What is needed: First find the line with "X Factor Le" in the entries below, then set down exactly every line through the line with "Zdjęcie w galerii", that line included.
***** Excerpted records
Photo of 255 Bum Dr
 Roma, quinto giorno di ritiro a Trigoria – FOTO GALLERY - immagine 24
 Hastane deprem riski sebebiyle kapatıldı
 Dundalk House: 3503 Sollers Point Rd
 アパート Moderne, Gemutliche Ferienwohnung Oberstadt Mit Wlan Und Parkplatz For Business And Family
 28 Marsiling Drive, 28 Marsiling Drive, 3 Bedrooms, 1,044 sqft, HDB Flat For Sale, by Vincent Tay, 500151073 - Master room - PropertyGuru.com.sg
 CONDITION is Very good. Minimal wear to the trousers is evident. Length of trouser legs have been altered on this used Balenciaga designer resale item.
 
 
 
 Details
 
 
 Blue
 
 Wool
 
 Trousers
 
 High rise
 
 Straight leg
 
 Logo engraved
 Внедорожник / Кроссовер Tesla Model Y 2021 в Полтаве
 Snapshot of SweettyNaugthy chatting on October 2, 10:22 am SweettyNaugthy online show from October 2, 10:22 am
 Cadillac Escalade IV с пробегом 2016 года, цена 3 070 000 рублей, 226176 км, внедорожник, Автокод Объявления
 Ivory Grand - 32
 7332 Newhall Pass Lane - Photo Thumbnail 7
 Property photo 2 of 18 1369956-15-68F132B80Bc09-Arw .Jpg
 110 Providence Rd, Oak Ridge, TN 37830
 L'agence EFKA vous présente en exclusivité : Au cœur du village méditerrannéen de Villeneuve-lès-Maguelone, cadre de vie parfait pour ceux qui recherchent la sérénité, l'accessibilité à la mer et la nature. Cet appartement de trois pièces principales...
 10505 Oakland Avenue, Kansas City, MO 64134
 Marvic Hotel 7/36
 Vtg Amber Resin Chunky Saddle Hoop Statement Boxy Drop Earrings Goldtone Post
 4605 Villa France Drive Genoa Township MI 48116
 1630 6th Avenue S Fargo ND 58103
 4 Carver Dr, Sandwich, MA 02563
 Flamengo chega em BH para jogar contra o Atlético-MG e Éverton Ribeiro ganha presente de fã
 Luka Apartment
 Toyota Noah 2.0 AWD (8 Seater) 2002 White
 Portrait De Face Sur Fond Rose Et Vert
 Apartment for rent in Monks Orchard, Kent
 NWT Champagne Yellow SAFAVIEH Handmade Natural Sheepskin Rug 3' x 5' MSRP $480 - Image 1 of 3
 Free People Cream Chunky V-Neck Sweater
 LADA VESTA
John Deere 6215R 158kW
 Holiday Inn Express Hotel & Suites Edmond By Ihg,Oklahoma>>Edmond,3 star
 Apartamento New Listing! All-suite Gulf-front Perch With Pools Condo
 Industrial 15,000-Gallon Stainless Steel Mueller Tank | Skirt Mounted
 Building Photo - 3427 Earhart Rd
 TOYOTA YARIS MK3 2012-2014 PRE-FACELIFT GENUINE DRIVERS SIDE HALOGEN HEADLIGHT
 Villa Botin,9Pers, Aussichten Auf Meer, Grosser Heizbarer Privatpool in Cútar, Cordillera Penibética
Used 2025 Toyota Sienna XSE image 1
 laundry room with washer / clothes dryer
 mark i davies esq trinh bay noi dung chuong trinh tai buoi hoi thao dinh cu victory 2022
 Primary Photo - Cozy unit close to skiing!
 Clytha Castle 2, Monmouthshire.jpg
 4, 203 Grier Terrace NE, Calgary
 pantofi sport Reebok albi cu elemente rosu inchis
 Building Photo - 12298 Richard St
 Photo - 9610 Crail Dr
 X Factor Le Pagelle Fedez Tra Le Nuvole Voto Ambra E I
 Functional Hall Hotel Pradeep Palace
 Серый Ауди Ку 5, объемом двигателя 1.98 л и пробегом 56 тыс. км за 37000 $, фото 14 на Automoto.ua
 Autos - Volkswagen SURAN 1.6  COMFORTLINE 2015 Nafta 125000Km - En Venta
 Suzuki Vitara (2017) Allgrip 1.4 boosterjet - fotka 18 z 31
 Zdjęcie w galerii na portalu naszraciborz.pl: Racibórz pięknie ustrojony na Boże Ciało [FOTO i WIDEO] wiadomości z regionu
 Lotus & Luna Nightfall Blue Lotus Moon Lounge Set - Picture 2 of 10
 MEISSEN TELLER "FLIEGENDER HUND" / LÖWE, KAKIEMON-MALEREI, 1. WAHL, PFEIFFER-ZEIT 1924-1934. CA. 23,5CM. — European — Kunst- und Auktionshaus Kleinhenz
**********
Result of the exercise:
 X Factor Le Pagelle Fedez Tra Le Nuvole Voto Ambra E I
 Functional Hall Hotel Pradeep Palace
 Серый Ауди Ку 5, объемом двигателя 1.98 л и пробегом 56 тыс. км за 37000 $, фото 14 на Automoto.ua
 Autos - Volkswagen SURAN 1.6  COMFORTLINE 2015 Nafta 125000Km - En Venta
 Suzuki Vitara (2017) Allgrip 1.4 boosterjet - fotka 18 z 31
 Zdjęcie w galerii na portalu naszraciborz.pl: Racibórz pięknie ustrojony na Boże Ciało [FOTO i WIDEO] wiadomości z regionu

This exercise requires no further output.